Effects of spin-orbit coupling on the optical response of a material

TL;DR

This paper analyzes how spin-orbit coupling influences the optical response of various materials, finding significant effects in atoms but negligible impact in certain 2D materials and topological insulators.

Contribution

It introduces a formalism to quantify the spin-orbit coupling contribution to optical matrix elements across different material classes.

Findings

Spin-orbit coupling contributes up to 14% in isolated atoms.

Less than 1% contribution in monolayer transition metal dichalcogenides.

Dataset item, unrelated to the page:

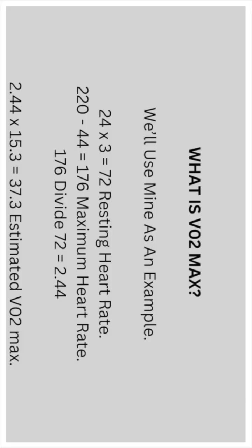We'll use this method to estimate mine as an example. 24 times 3 equals 72 resting heart rate. 220 take away 44 equals 176 maximum heart rate. 176 divided by 72 equals 2.44. 2.44 times 15.3 equals 37.3 estimated VO2 max.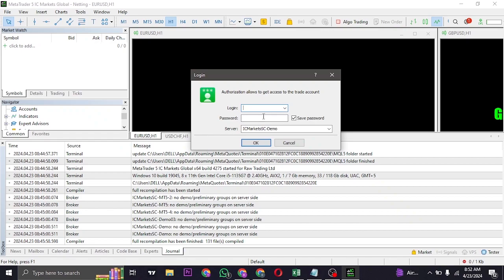Whenever you create a MetaTrader account, whether a demo account or a live account, all of the details will be sent to you on the email address. Now most of the time what happens is people enter in the login and password correctly but miss out on the server.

Negligible impact on optical properties of topological insulators.

Abstract

We investigate the effects of spin-orbit coupling on the optical response of materials. In particular, we study the effects of the commutator between the spin-orbit coupling part of the potential and the position operator on the optical matrix elements. Using a formalism that separates a fullyrelativistic Kleinman-Bylander pseudopotential into the scalar-relativistic and spin-orbit-coupling parts, we calculate the contribution of the commutator arising from spin-orbit coupling to the squared optical matrix elements of isolated atoms, monolayer transition metal dichalcogenides, and topological insulators. In the case of isolated atoms from H ($Z = 1$) to Bi ($Z = 83$), the contribution of spin-orbit coupling to the squared matrix elements can be as large as 14 %. On the other hand, in the cases of monolayer transition metal dichalcogenides and topological insulators, we find that this contribution is less than 1 % and that it is sufficient to calculate the optical matrix elements and subsequent physical quantities without considering the commutator arising from spin-orbit coupling.